2. Dual Warhead Nozzle-Ejecta – a two stage nuclear/nuclear approach, which combines an initial nuclear blast to create a provisional deep crater, which is then followed by a second subsurface nuclear detonation within that provisional crater (the nozzle), which would generate an ejecta effect and high degree of efficiency in the conversion of the x-ray and neutron energy that is released into propulsive energy to the orbital body.
Kinetic Energy/Impact – massive and high velocity man-assembled bodies which impact the orbital body directly and impart a resulting inertial/momentum transfer change to its orbit.
3. Asteroid Redirect – capture and employment of another asteroid body as an inertial mass which is directed to impact and fragment or alter the trajectory of the threatening orbital body.
Earth-Lunar Lagrange 1 Orbital Quick Response Array (ELORA) – a large kinetic object and quick response approach developed by The Ethical Skeptic. A series of Lunar dust bag bundles, bound together into large, massive projectiles held on station at Earth-Lunar Lagrange Point 1 and subsequently placed into any needed inclination Lagrange orbit around the Moon. These would be short notice directed by thruster and/or Moon-Earth slingshot towards the approaching orbital body, exploiting the low/zero gravity of Earth-Moon Lagrange 1, and targeted for a direct high velocity/high kinetic impact. The bags can be un-bound at the last minute, in order to form a larger impact pattern (shotgun effect) in the case of a rubble pile asteroid, thereby distributing the momentum over a larger area of the orbiting body and displacing a greater amount of the rubble and reducing fragmentation.
4. Hypervelocity Asteroid Intercept Vehicle (HAIV) – a two stage kinetic/nuclear hybrid approach, which combines a kinetic impactor to create an initial crater, which is then followed by a subsurface nuclear detonation within that initial crater, which would generate a lensing effect and high degree of efficiency in the conversion of the x-ray and neutron energy that is released into propulsive energy to the orbital body.
5. Conventional Rocket Engine – launching and attaching any spacecraft propulsion engine to the center of mass of the orbital object, and using the engine to give a push, possibly forcing the asteroid onto a non-threatening trajectory.
Gradualization – various approaches by means of technology, engines, colors, lasers or offset thrust devices which serve to push, pull, alter the solar pressure on or cometize the orbital body.
6. Gravity Tractor Thrust Rockets – a more massive thruster spacecraft is placed into orbit around the Earth-threatening orbital body. A slow thrust is applied from the spacecraft’s engines, never exceeding escape velocity. The mutual gravitation between the two bodies begins to alter the trajectory of the orbital body from its original course.
7. Ion Beam Driver – involves the use of a low-divergence ion thruster mounted on an orbiting spacecraft, which is pointed at the center of mass of the asteroid.

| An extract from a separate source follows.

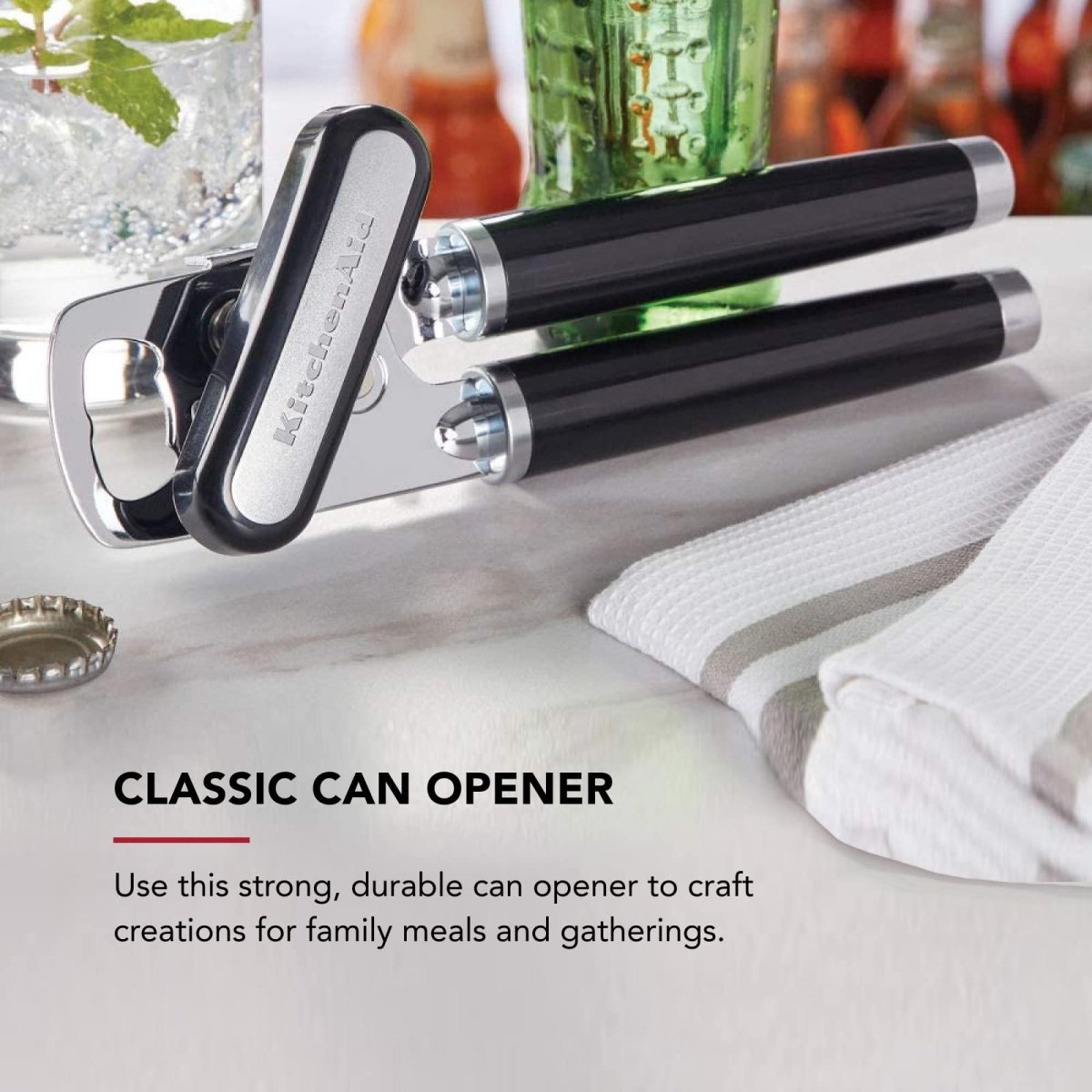 Cat Shop Boys - KitchenAid Classic Multifunction Can Opener and Bottle Opener Easy to Use, Razor Sharp Stainless Steel Cutting Wheel, Soft Ergonomic Handles, Black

The momentum imparted by the ions reaching the asteroid surface produces a slow-but-continuous force that can deflect the asteroid in similar fashion to a gravity tractor, but with a much lighter spacecraft.
8. Solar Sail Push/Pull – attaching a solar sail either behind or on the surface of the orbital body, in order to use the solar wind to alter the trajectory of the orbital body.
9. Painting – altering the color of the orbital body to the opposite end of the color band from which it naturally exists. The whiter or blacker surface alteration would then provide for a differential dynamic in the absorption and reflection of solar photons and gradually alter the body’s trajectory over time via the Yarkovsky effect.
10. Solar Focusing – a technique using a set of refractory lenses or a large reflector lens (probably deployed foil) which focuses a relatively narrow beam of reflected sunlight onto a specific region of the orbital body, creating thrust from the resulting vaporization of material, solar wind or through amplifying the Yarkovsky effect, wherein photons emitted from the body itself serve to alter its trajectory.
11. Nuclear Pulse Propulsion – involves the use of a nuclear pulse engine mounted on a spacecraft, which lands on the surface of the asteroid. The momentum imparted by the nuclear pulses produces a slow-but-continuous force that can deflect the asteroid in similar fashion to a thruster rocket.
12. Cometization – heating the surface of the orbital body through a thermonuclear release of neutrons, x-rays, and gamma rays so that it begins to eject heated material from cracks or vents in the surface, in similar manner to a comet – thereby causing a thrust vector nudging of the orbital body itself for a short to moderate period of time. Depending on the brisance and yield of the nuclear device, the resulting ejecta exhaust and mass loss effects, would produce enough alteration in the object’s orbit to make it miss Earth.
13. Laser Ablation – focus sufficient laser energy from Earth or a space deployed laser or laser array, onto the surface of an asteroid to cause flash vaporization and mass ablation and create either an impulse or mass alteration which changes the momentum of the orbital body.
14. Magnetic Flux Compression – magnetically brakes objects that contain a high percentage of iron through deploying a wide coil of wire along the sides of its orbital path. When the body moves through the coil or tunnel, inductance creates an electromagnet solenoid effect which causes EM drag on the orbital body.
Mass Alteration – various methods of digging and ejecting or addition of added mass from/to the orbital body, thereby altering its long-term orbital track.
15. Deep Impact Collision – an impactor which injects itself deep into the surface of the orbital body, thereby changing both its velocity and net mass.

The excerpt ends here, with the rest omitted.